# How do you find the domain and range of g(x) = x/(x^2 - 16)?

Mar 17, 2018

The domain of $g \left(x\right)$ is $x \in \mathbb{R} - \left\{- 4 , 4\right\}$.
The range is $g \left(x\right) \in \mathbb{R}$

#### Explanation:

As you cannot divide by $0$, the denominator is $\ne 0$

Therefore,

${x}^{2} - 16 \ne 0$, $\implies$ $x \ne - 4$ and $x \ne 4$

The domain of $g \left(x\right)$ is $x \in \mathbb{R} - \left\{- 4 , 4\right\}$

To calculate the range, proceed as follows

Let $y = \frac{x}{{x}^{2} - 16}$

$y \left({x}^{2} - 16\right) = x$

$y {x}^{2} - x - 16 y = 0$

This is a quadratic equation in $x$, and in order to have solutions,
the discriminant $\ge 0$

$a = y$

$b = - 1$

$c = - 16 y$

$\Delta = {b}^{2} - 4 a c = {\left(- 1\right)}^{2} - 4 \left(y\right) \left(- 16 y\right) = 1 + 64 {y}^{2}$

$\forall y \in \mathbb{R}$, $\implies$, $\Delta \ge 0$

Therefore,

The range is $g \left(x\right) \in \mathbb{R}$

graph{x/(x^2-16) [-10, 10, -5, 5]}

Mar 17, 2018

Domain: $\left(- \infty , - 4\right) \cup \left(- 4 , 4\right) \cup \left(4 , \infty\right)$
Range: $\left(- \infty , \infty\right)$

#### Explanation:

Given: $\frac{x}{{x}^{2} - 16}$

First factor the denominator since $\left({x}^{2} - 16\right)$ is the difference of squares:

$\frac{x}{{x}^{2} - 16} = \frac{x}{\left(x - 4\right) \left(x + 4\right)}$

Find the Domain - valid input - usually $x$
For most functions, the domain is $\left(- \infty , \infty\right)$, the set of all reals. There are a number of factors that can cause this domain to be limited. Here are a few possibilities:

• a radical such as a square root - limits the domain
• a denominator - can produce holes and/or vertical asymptotes
• inverse trigonometry functions
• natural log function $\left(y = \ln x\right)$

In your example, the vertical asymptotes are the cause. When the denominator function $D \left(x\right) = 0$, the vertical asymptotes are found to be at $x = \pm 4$

Domain: $\left(- \infty , - 4\right) \cup \left(- 4 , 4\right) \cup \left(4 , \infty\right)$

Find the Range - valid output - usually $y$
For most functions, the range is also $\left(- \infty , \infty\right)$, the set of all reals. There are a number of factors that can cause this range to be limited. Here are a few possibilities:

• a radical such as a square root - limits the range
• a quadratic or even powered function can limit the range. The vertex will be a minimum or a maximum
• absolute value functions can have a vertex
• a rational function (has a numerator and denominator) can have a horizontal asymptote
• a natural exponential function ($y = {e}^{x}$)

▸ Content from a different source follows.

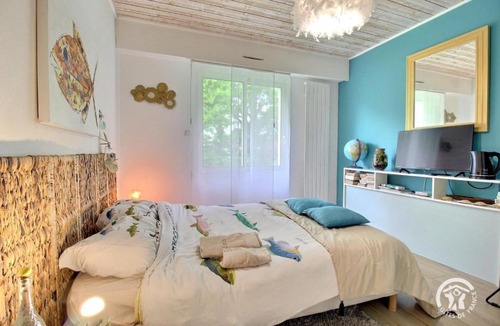 Theix-Noyalo Bed & Breakfast | Les chambres de marie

In your example, w have a rational function. The degree of the numerator function = 1 $\left(n = 1\right)$and the degree of the denominator function = 2, $\left(m = 2\right)$. When $n < m$ there is a horizontal asymptote at $y = 0$.

Range: $\left(- \infty , 0\right) \cup \left(0 , \infty\right)$

But you can see from the graph below that the point $\left(0 , 0\right)$ exists. This means the domain is actually $\left(- \infty , \infty\right)$

How would you know this without graphing the function? Create a table of values.
$\underline{x | - 8 \text{ "|-4" "|-2" "|0" "|2" "|4" "|8 " }}$
$y | - \frac{1}{6} \text{ "|un" "|1/6" "|0" "|-1/6""|un" } | \frac{1}{6}$

$u n$ = undefined

graph{x/(x^2-16) [-10, 10, -5, 5]}